It is refreshing to note the eloquent vibrancy with which certain sparse and not particularly well-known entities residing in the tricolor-chromatic sound-undergrowth persist, despite everything, in their own proactive and native music-dissemination action, producing works of such appreciable and pleasant substance.

Masoko, a homemade quartet (now quintet) sonically active for about five years and with a logistical-operational base in the Roman area, has recently been embraced by the benevolent and maternal (sponsoring) claws of the very active and musically savvy Snowdonia, extracting (after productive road-testing activities consisting of self-produced works over short and very short distances) from the magomarcelesco musical hat, like a bunny in prestidigitation, the currently enjoyable and artisanal musical-manufacture, arriving at the representation of their completed work over a long/hefty distance through eleven moderately unaligned, sometimes recalcitrant, often successful and never banal, pseudo-wave/rockish tracks.

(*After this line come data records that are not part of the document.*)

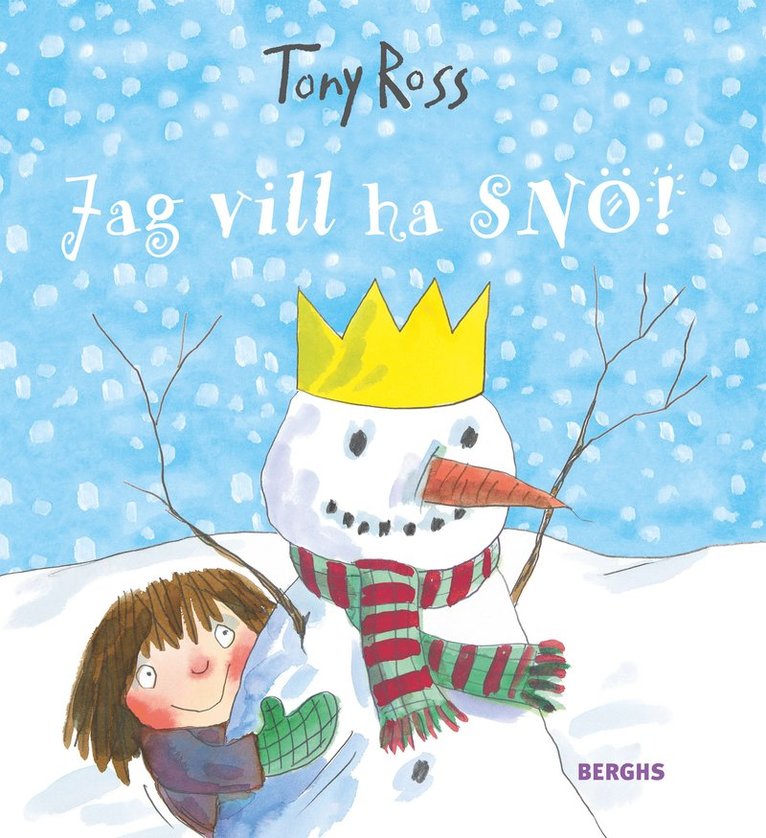 Jag vill ha snö! 1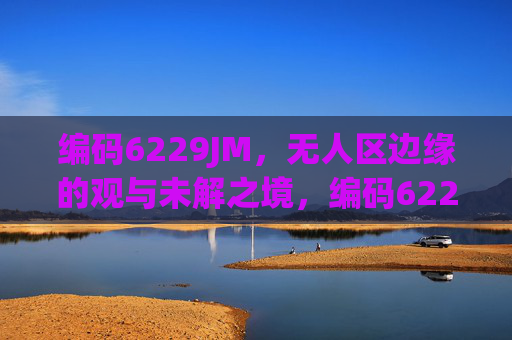 编码6229JM,无人区边缘的观与未解之境,编码6229JM,无人区边缘的观与未解 编码6229JM,无人区边缘的观与未解之境,编码6229JM,无人区边缘的观与未解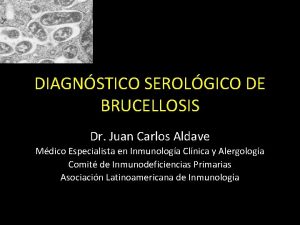 DIAGNSTICO SEROLGICO DE BRUCELLOSIS Dr Juan Carlos Aldave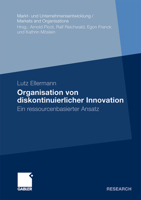 Organisation Von Diskontinuierlicher Innovation: Ein Ressourcenbasierter Ansatz 3834922587 Book Cover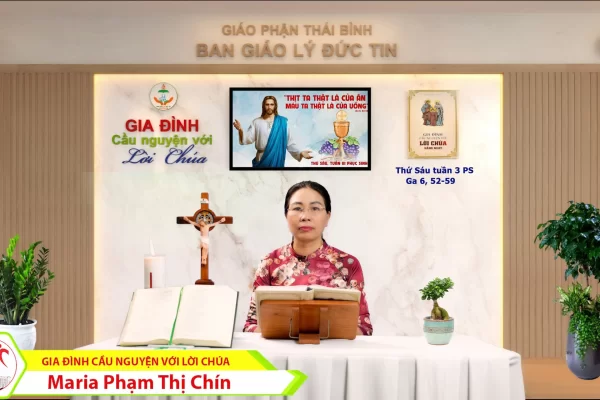 Thứ Sáu tuần 3 Phục Sinh I Gia đình cầu nguyện với Lời Chúa I Giáo phận Thái Bình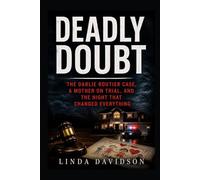 Deadly Doubt: The Darlie Routier Case, a Mother on Trial, and the Night That Changed Everything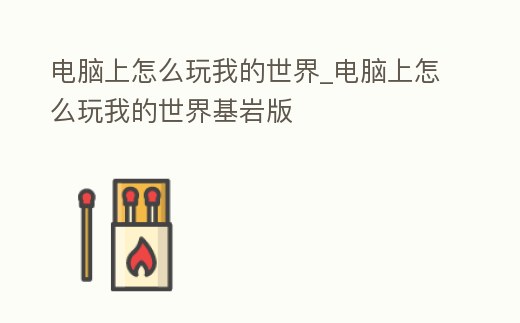 電腦上怎么玩我的世界_電腦上怎么玩我的世界基巖版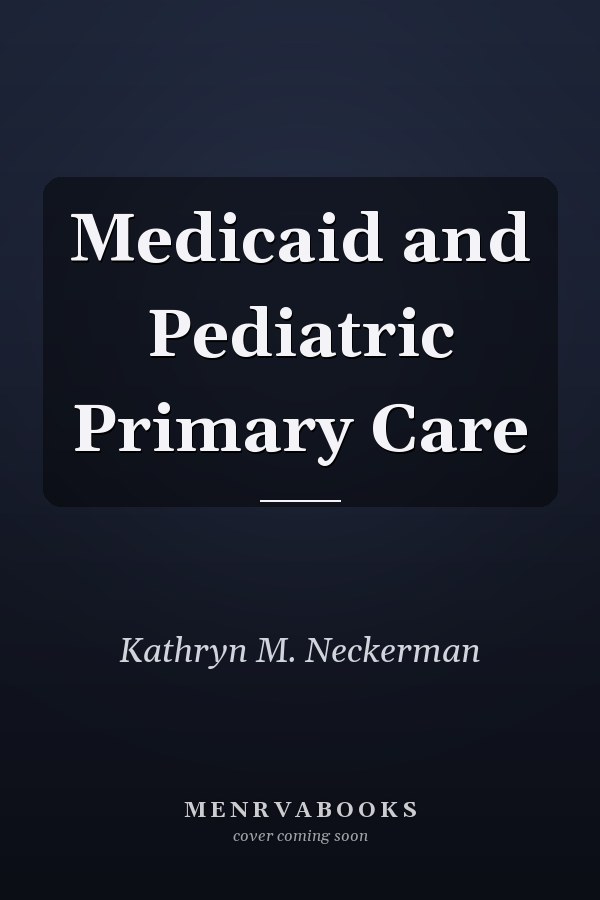 Medicaid and Pediatric Primary Care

While not substantially generating anything new and/or particularly striking in a purely executive sense (it seems to eavesdrop on a sort of trait d'union between the Londoners Grand National and the latest Bugattesca offspring), the Bubu-numbered trabajo, although presenting some cursory yet ultimately overlookable naivety, is solidly appreciated for the sincerely engaging energetic charge it promotes and for the moderately personal sound-framework as a whole presented to our miserable, curious, musical-explorers: a biting, vital, spirited, and entertaining alternative-(hard)pop built around a solid and present bass sustaining an athletic, varied guitarism which in turn supports and sound-guides the often engaging - even on a purely lyrical level: part of the positivity of the proposal is due to the sharp, playful, and brilliant textual approach "I'm much cooler than you / don't ask me why" ("Cool") - vocal lines of the appreciable and vocally convincing Messere De Leonardis.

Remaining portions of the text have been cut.